È necessario dire che “i cosiddetti lavoretti non sono altro che attività terapeutiche o formative e con piccoli compensi”. Infatti, i lavori di cui parla l’Inps nel suo messaggio sono quelli che non devono superare una paga massima di 400 euro al mese, dal momento che, per percepire l’assegno di invalidità, non bisogna superare il reddito annuale di 4.931 euro.

Dunque questa categoria, già in difficoltà, dopo questa decisione sarà costretta a restare a casa, senza lavoro e con pochi soldi, poiché se vuole lavorare deve rinunciare al legittimo assegno di invalidità della cifra di 287,09 euro al mese previsto per 13 mesi.

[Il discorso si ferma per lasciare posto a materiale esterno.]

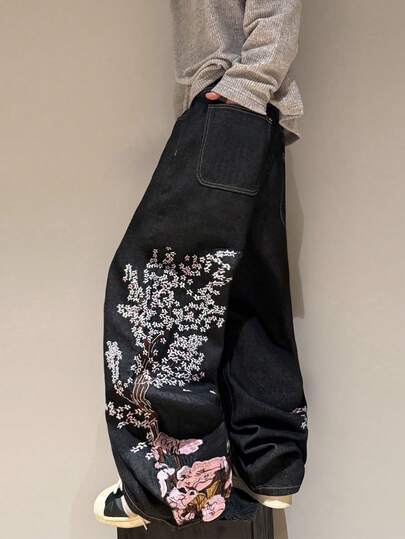 STEELVANCE Jeans rectos y holgados con diseño bordado de árbol floral que estilizan la figura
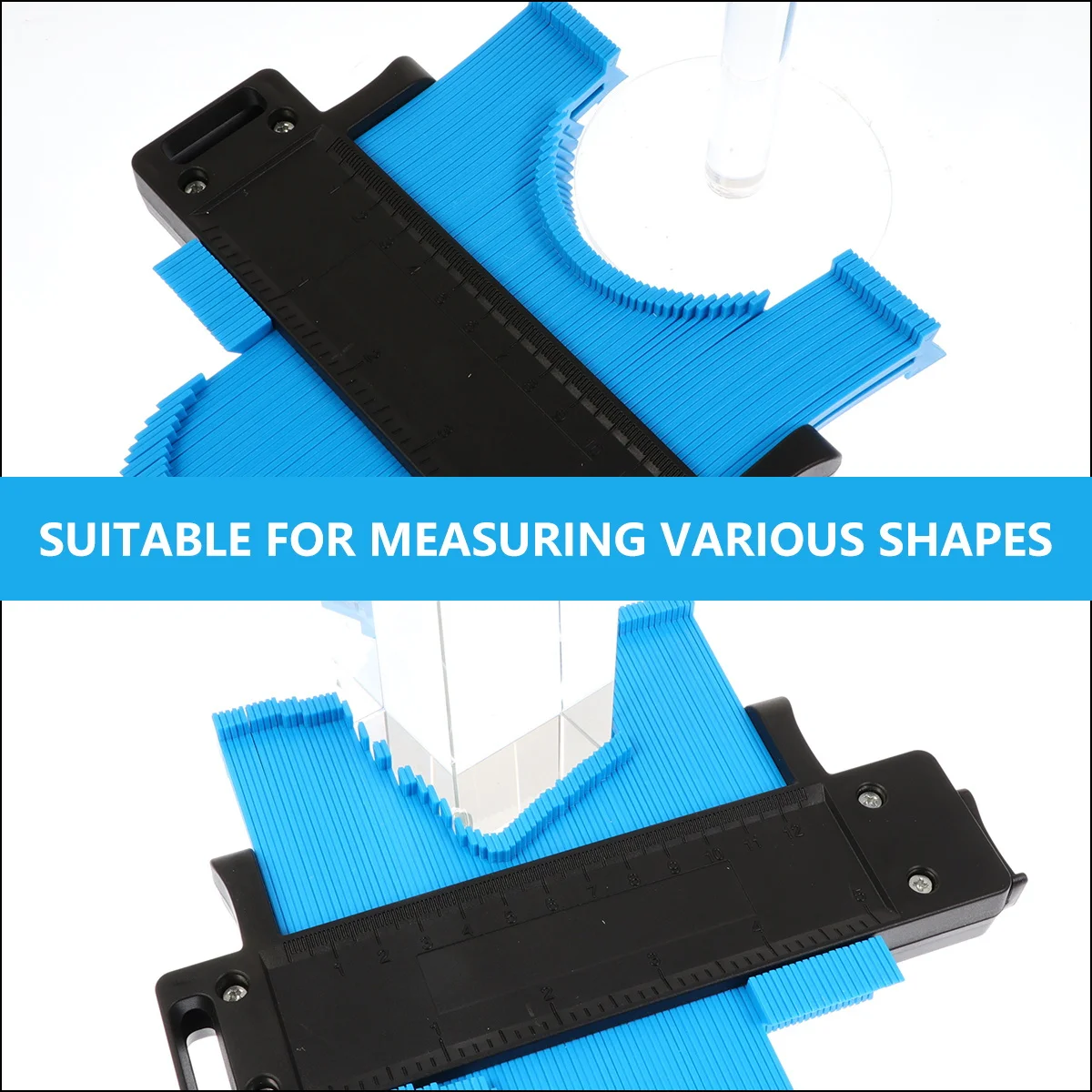 

Single Head Lockable Profile Gauge Measure Ruler Wood Marking Tool with Pin Locking Mechanism for Accurate Tracing Duplicator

Per la maggior parte delle persone, il lavoro è ciò che permette e garantisce un’integrazione sociale. Con lo stop, però, si crea un cortocircuito che rischia di escludere migliaia di persone affette da disabilità non grave (dal 74% al 99%).

Si tratta di una situazione inaccettabile per più di una ragione” afferma la sottosegretaria all’Economia Maria Cecilia Guerra (Leu). Infatti, “la grave invalidità di cui si parla non può comportare il confinamento nella solitudine della inattività; e nemmeno la condanna a una povertà, solo in parte alleviata dall’indennità che si riceve. Per non parlare della rinuncia ad ogni tipo di indipendenza economica. Occorre intervenire immediatamente per correggere l’equivoco creato dalla norma del 1971 e ripristinare la compatibilità sino ad ora ammessa. Mi adopererò in tutte le sedi possibili perché questo avvenga al più presto

La situazione per gli invalidi in Italia

Il messaggio che ha mandato l’Inps in cui si afferma che “l’assegno mensile di assistenza di cui all’articolo 13 della legge n. 118/1971, sarà pertanto liquidato, fermi restando tutti i requisiti previsti dalla legge, solo nel caso in cui risulti l’inattività lavorativa del soggetto beneficiario“, ha generato molte discussioni.

Gli articoli citati al suo interno si riferiscono a due sentenze della Cassazione: la numero 17388 del 2018 e la numero 18926 del 2019 in cui si sanciste che “Il mancato svolgimento di attività lavorativa è un elemento costitutivo del diritto alla prestazione assistenziale”. Dunque, risulta scontato che entrambi le sentenze vanno a favore dell’Inps e quindi inevitabilmente a sfavore delle sentenze di appello richieste da invalidi che erano stati privati dell’assegno.

Già dal 1971 la legge 118 – sancita con l’intento di avviare un percorso d’inclusione sociale degli invalidi in Italia – nel suo articolo 13 stabiliva che l’assegno di invalidità era dovuto solo in caso di “incollocazione” del beneficiario, ossia l’iscrizione nelle liste speciali di collocamento, “per il tempo in cui tale condizione sussiste“. Successivamente con la legge del 2007 si sostituirà il requisito dell’incollocazione con quello di “inoccupazione“.

Nel 2008 però la stessa Inps – in due messaggi del 2008, numero 3043 e numero 5783 – aveva affermato che “l’esiguità del reddito impedisce di ritenere che vi sia attività lavorativa rilevante“. Dunque, se il lavoro non era stabile e non veniva superata la soglia di reddito minimo personale, l’invalido avrebbe potuto continuare a lavorare mantenendo il proprio assegno di disabilità.

Detto ciò, risulta chiaro che le regole definite dalla stessa Inps nel 2008, con il messaggio numero 3495 del 14 ottobre, siano state annullate. Una retromarcia che però non sembra aver considerato bene le conseguenze.